Social Utopias: Will Saada Fall 2015

December 15, 2015

Response Paper 8

Filed under: Uncategorized — William Saada @ 4:20 pm

In Flora Tristan’s Utopian Feminist, she recounts her travels to England: the great industrial power of the world.  Despite the tremendous wealth London has accumulated she is very quick to point out the corruption and inequality that result from their industrialization and poverty.  During this time period woman all over the world were oppressed by men and considered to be the inferior sex.  In England, the class differences and dominant stereotypes for English women amplified these issues.
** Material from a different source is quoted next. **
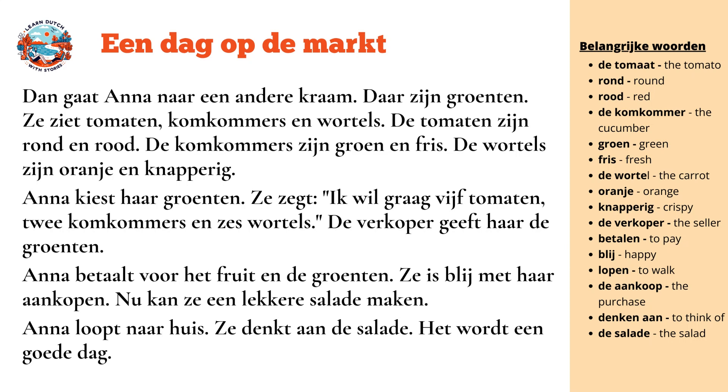Anna pays for the fruit and vegetables. She is happy with her shopping. Now she can make a nice salad. Anna goes home. She thinks of the salad. It will be a good day.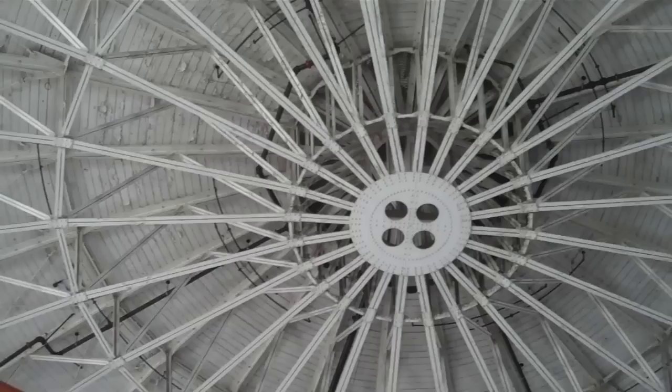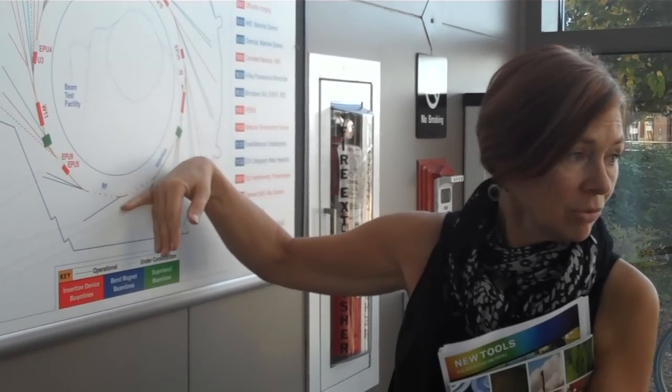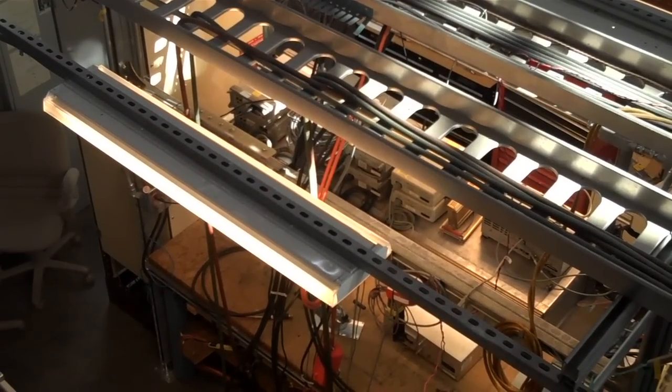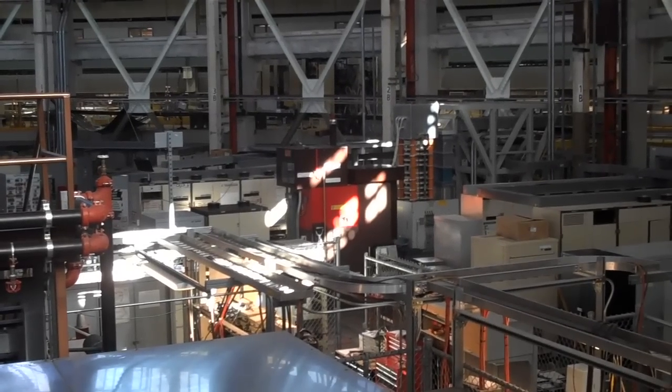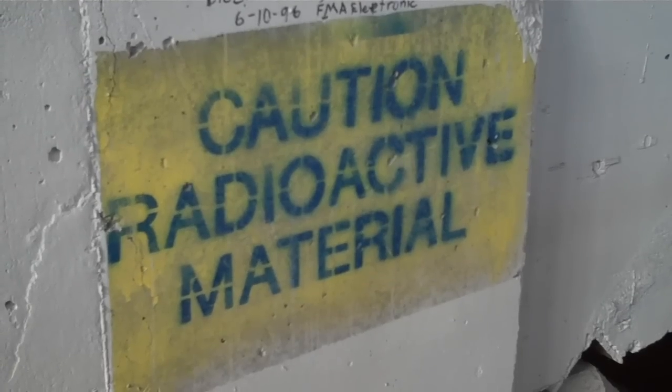After we saw the Molecular Foundry, they took us to see the Advanced Light Source, which has a synchrotron. They speed electrons around and crash them together and then study the properties in various labs around the synchrotron. Walking into the Molecular Foundry and Advanced Light Source, seeing people doing their jobs with equipment that, as a layperson, I can't even begin to understand how they work — it really made me appreciate some of what the lab does on a daily basis.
In England there were three classes who each resided in a different part of the city.  By far the largest class, the proletariat, resided in the suburbs.  The way of life for working class men and women was very misfortunate.  The majority of men worked in factories where they were worked to death and not given a sufficient amount of money to pay their taxes and feed their families.  This lead to many vices such as theft, drinking, and prostitution adding to the miserable conditions of the suburbs.  The wealthy men of England hoard the country’s wealth and force the lower class to live a life of labor and misery.  Tristan highlights how women specifically are affected by this when she writes, “Girls born in the poor class are pushed into prostitution by hunger” (Tristan 69).  Women are excluded from most crafts and because so many women are left without a husband and sometimes a child to support they must turn to prostitution to avoid dying of starvation.  Some women worked in factories, but this craft was almost as dehumanizing as prostitution.  Prostitutes were so numerous in London, because single women had no other way to support themselves and their children.  Many women were left widows because so many factory workers died.  Because of the income inequality in England and a lack of opportunities for women to work the masses were subject to a laborious and miserable lifestyle, women were specifically forced into prostitution because they had no other source of income.

In addition to the extreme poverty in England the stereotypes forced women to live as secondary citizens, exempt from participation in political affairs.  In an attempt to learn more about England and its government, Flora Tristan made the bold decision to dress up as a man to witness the English Parliament in action.  Everyone sees through her disguise and reacts in such a way that allows the reader to understand how English men viewed women.  When she first asked a man if she could pretend to be him she explained his response, “My tory friend paled in freight, blushed in indignation, took his cane and hat, arose without looking at me, and told me that he could no longer visit me.  His last words were: ‘Woe to the maker of scandal’” (Tristan 57).  His response is difficult to understand in the modern age because women are not only allowed to spectate but also to participate in government affairs.  Women in England were subject to stereotypes that limited their ability to participate in society.  They were excluded from most occupations including farming.  The thought of a women entering parliament was considered to be a scandal.  Ultimately poverty and stereotypes were the two biggest contributions to the suppression of women in 19th century England.

I have neither given nor received unauthorized assistance in the completion of this work.

 

 

Works Cited

  1. Tristan, Flora, Doris Beik, and Paul Harold Beik. Flora Tristan, Utopian Feminist: Her Travel Diaries and Personal Crusade. Bloomington: Indiana University Press, 1993.